Aristote avait consacré à l’amitié un traité en bonne et due forme avec l’«Ethique à Nicomaque». Ses thèses: il est impossible de vivre sans amis; il n’est pas possible d’avoir beaucoup d’amis; l’amitié à distance tend à rendre oublieux et, la thèse la plus importante, l’ami est un autre soi-même avec lequel on partage le fait d’exister. «Qu’est-ce que l’amitié? Une même âme qui habite deux corps», répond-il.

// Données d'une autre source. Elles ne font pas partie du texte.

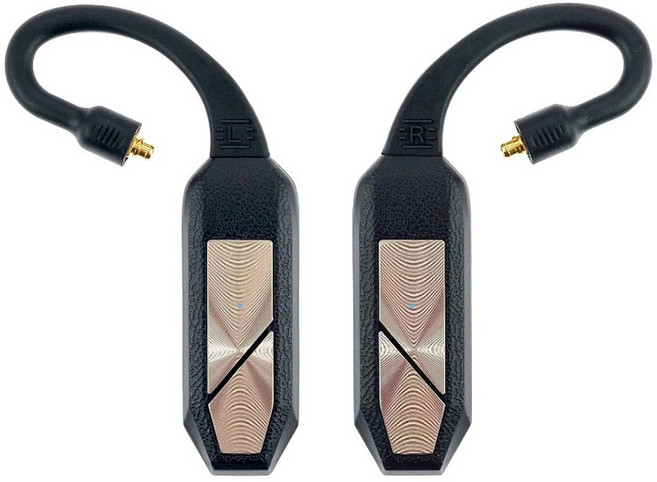 iFi Audio Go Pod 아이파이 고팟 블루투스 헤드폰 앰프 DAC 완전 무선 이어폰 어댑터 [정품/당일출고], 단품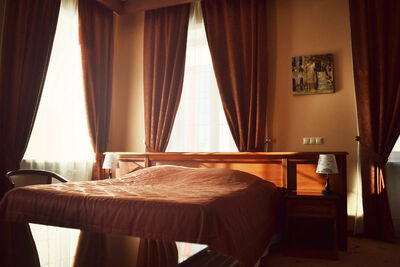 Фотография номера гостиницы Меридиан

Une définition non sans conséquence politique: «Mais alors pour l’ami aussi il faudra consentir qu’il existe et c’est ce qui arrive quand on vit ensemble et qu’on partage des actions et des pensées. C’est en ce sens que l’on dit que les hommes vivent ensemble et non pas comme pour le bétail, qu’ils partagent le même pâturage.»

Relation exigeante, l’amitié a tenté de le demeurer au fil des siècles. Ainsi la mise en garde de Lord Chesterfield: «Ne soyez pas assez vains, assez infatués de vous mêmes, pour croire que les autres deviennent vos amis au premier coup d’œil, ou parce qu’ils vous fréquentent quelque temps. La véritable amitié se construit jour après jour.» Pour Molière, c’était en profaner le nom que de vouloir la mettre à toute occasion.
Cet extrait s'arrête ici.